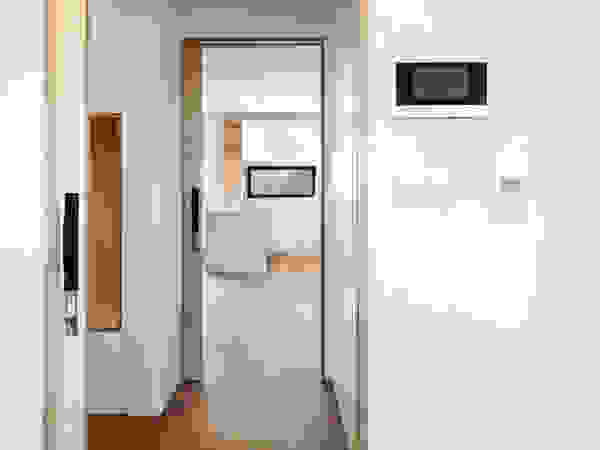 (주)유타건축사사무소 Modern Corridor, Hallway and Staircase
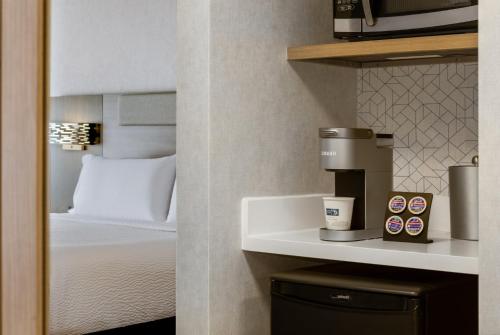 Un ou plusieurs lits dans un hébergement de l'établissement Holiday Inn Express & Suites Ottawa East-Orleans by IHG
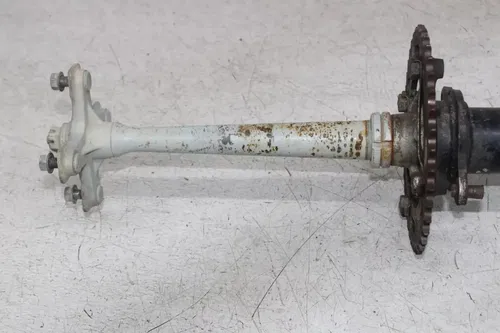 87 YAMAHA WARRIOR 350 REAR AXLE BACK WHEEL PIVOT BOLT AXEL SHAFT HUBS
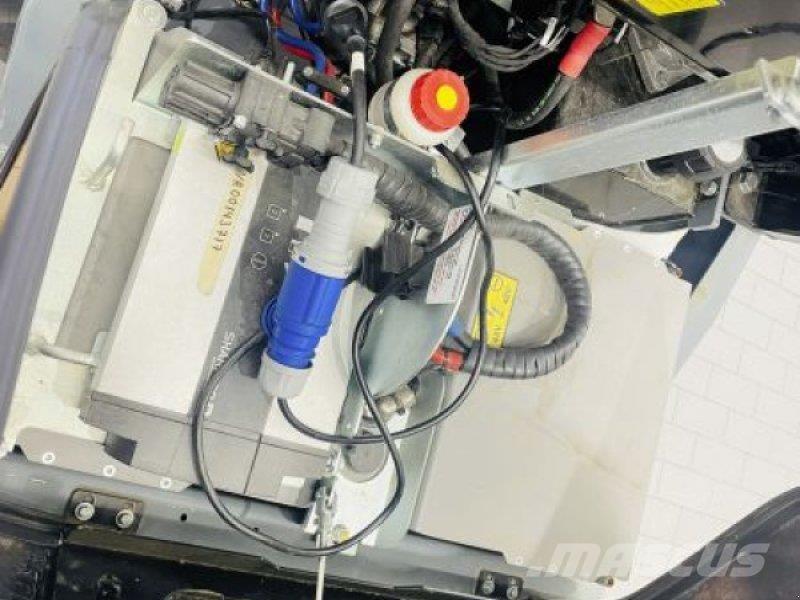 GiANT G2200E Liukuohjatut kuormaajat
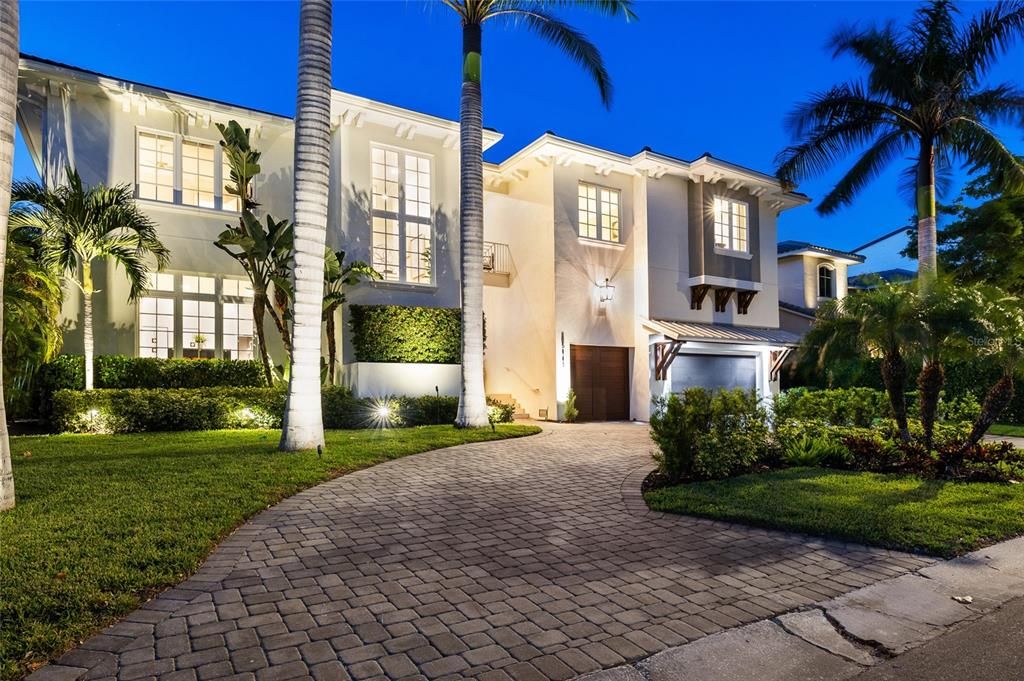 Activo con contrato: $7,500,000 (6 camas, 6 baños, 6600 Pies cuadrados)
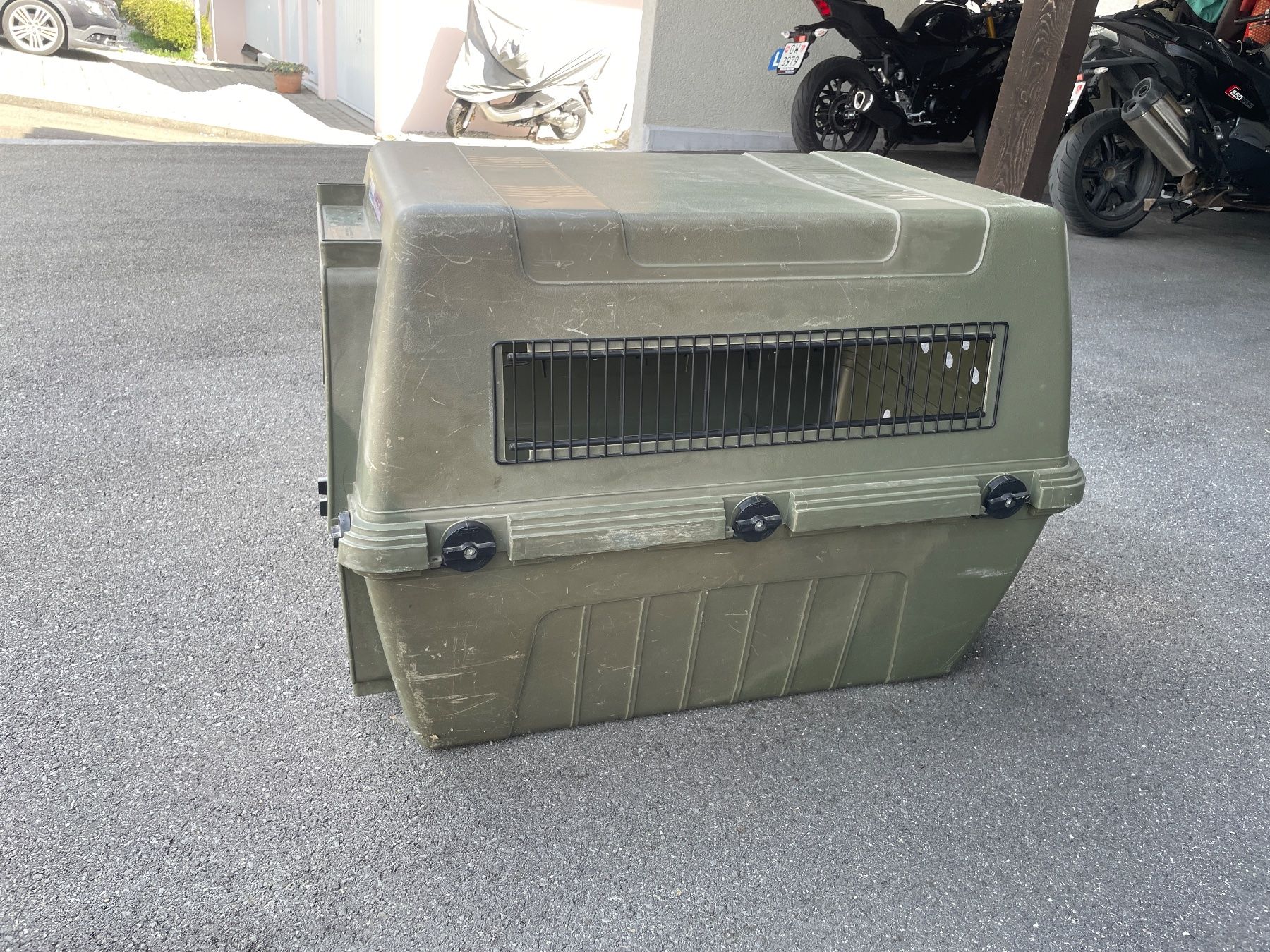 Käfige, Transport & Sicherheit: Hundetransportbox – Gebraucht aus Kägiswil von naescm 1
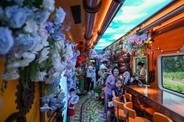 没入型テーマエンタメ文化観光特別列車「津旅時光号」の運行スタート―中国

--- THE TASK ---
Set down each line of the material exactly and skip every image.

--- RESPONSE AREA ---
 (주)유타건축사사무소 Modern Corridor, Hallway and Staircase
 Un ou plusieurs lits dans un hébergement de l'établissement Holiday Inn Express & Suites Ottawa East-Orleans by IHG
 87 YAMAHA WARRIOR 350 REAR AXLE BACK WHEEL PIVOT BOLT AXEL SHAFT HUBS
 GiANT G2200E Liukuohjatut kuormaajat
 Activo con contrato: $7,500,000 (6 camas, 6 baños, 6600 Pies cuadrados)
 Käfige, Transport & Sicherheit: Hundetransportbox – Gebraucht aus Kägiswil von naescm 1
 没入型テーマエンタメ文化観光特別列車「津旅時光号」の運行スタート―中国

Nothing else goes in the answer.